The special effects are downright abysmal as well. For a
tentpole film this stuff is what you would normally see in a flick by The
Asylum (Mega Shark vs. Giant Octopus,
Titanic II). Everything looks like it’s
straight out of a Playstation 2 game, from The White House to the airborne
vehicles. All the blood is CG as well, which to me is a serious hate crime
against the medium. At one point a character gets taken down by a hail of
gunfire and as he falls the CG blood stains on his white shirt move around to
different positions. It’s downright laughable.
All these issues I have mentioned are really just small
potatoes compared to what I consider to be the two worst offenses I have with
movies in general. This movie has both:
#1 is being manipulated into feeling sympathy for a
character via torture. I had no idea Melissa Leo was even in this flick until
the lead villain decides to use her as a punching bag to obtain a code he needs
for his master plan. Her character had maybe one line of dialogue up to this
point, therefore was not developed in any way. The villain just wails on her
for a good 3 minutes and turns her into a bloody pulp. Is it hard to watch? Yes,
it’s a woman being abused horribly. Did I care? Not really, because it was done
as a cheap way to get a reaction out of the audience and create false empathy.
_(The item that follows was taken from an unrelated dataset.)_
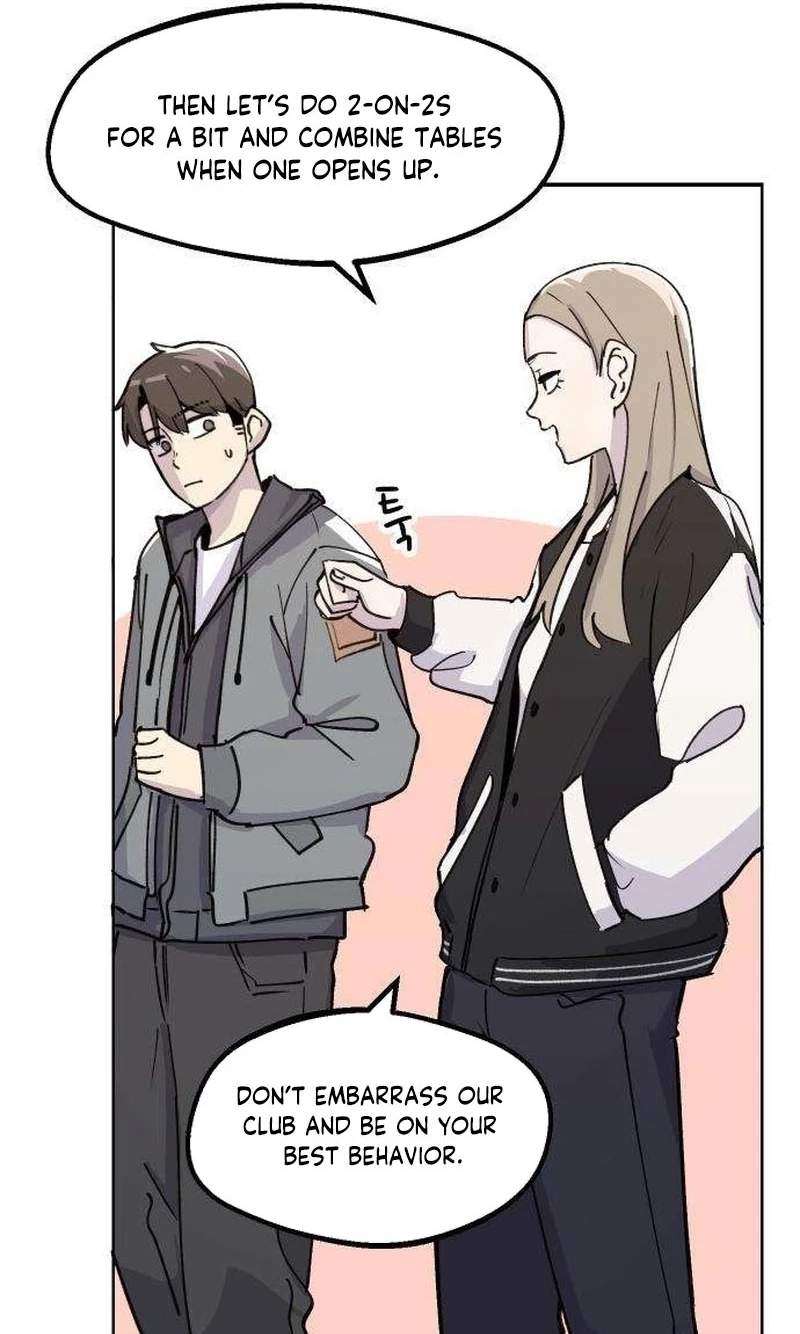 Joahamyeon Meongcheonghaejinda Chapter 13 page 6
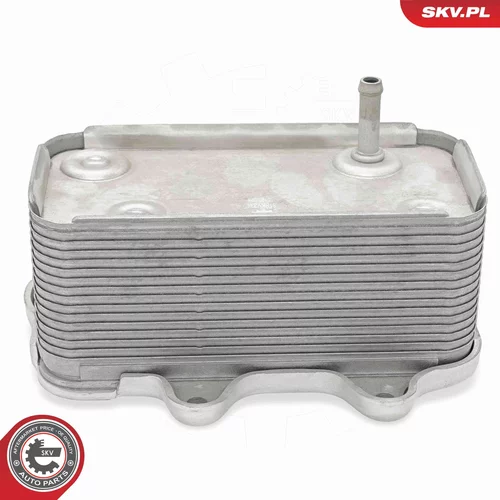 Chladič motorového oleja 31SKV334 (ESEN SKV) - obr. 2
I don’t buy in to that shit.
#2 is casting a well-known actor as minor protagonist/bit
part that always signifies that he/she will end up being a/the villain. It
happens in movies more times than I can count and I cannot stand it. For
example take Cary Elwes in Kiss the Girls,
Tobin Bell in Saw or even Liam Neeson
in Batman Begins. It’s so blatant
here that it’s insulting.
As a side note, I don’t know if it was a piracy measure
required for the screening I saw, if lighting was optional when the filmmakers
shot in the dark or if the theater was being cheap by turning down the
brightness of the projection bulb, I couldn’t see a fucking thing for half the
movie except random movement and gunfire. Everything was so poorly lit and dark
that none of the action scenes made any sense because it was like watching the
flick with a blindfold on. Cinematography fail.
When the movie ended a good third of the crowd I saw this
with gave the film a standing ovation. The group I was with stayed seated with
our arms crossed. It is not entertaining in the slightest, and I like some
shitty movies. People cheered, laughed and gasped when they were told to. I did
not. Not once. I found the whole production tiresome, hokey and lame. Director
Antoine Fuqua seemed to realize that the script he was working with was crap
and figured that if he hired a gaggle of great actors to take on the clichéd
characters the problems might work themselves out, or they’d just help to cover
up the larger issues. He failed spectacularly, which doesn’t surprise me in the
slightest due to his track record (IMO). It’s chock full of anticlimactic moments
(the resolution of the President’s son subplot), goofy scenarios (the way
Banning jokes around with his co-workers) and overt audience manipulation (the
opening scene) all set to a horrible soundtrack. Bravo sir. I will not watch
another one of you films ever again.
I do not recommend for anyone to see this movie at all. Even
though I saw it for free I felt ripped off for the time that was wasted in
watching it. Don’t fall for the hype. It’s pure shit.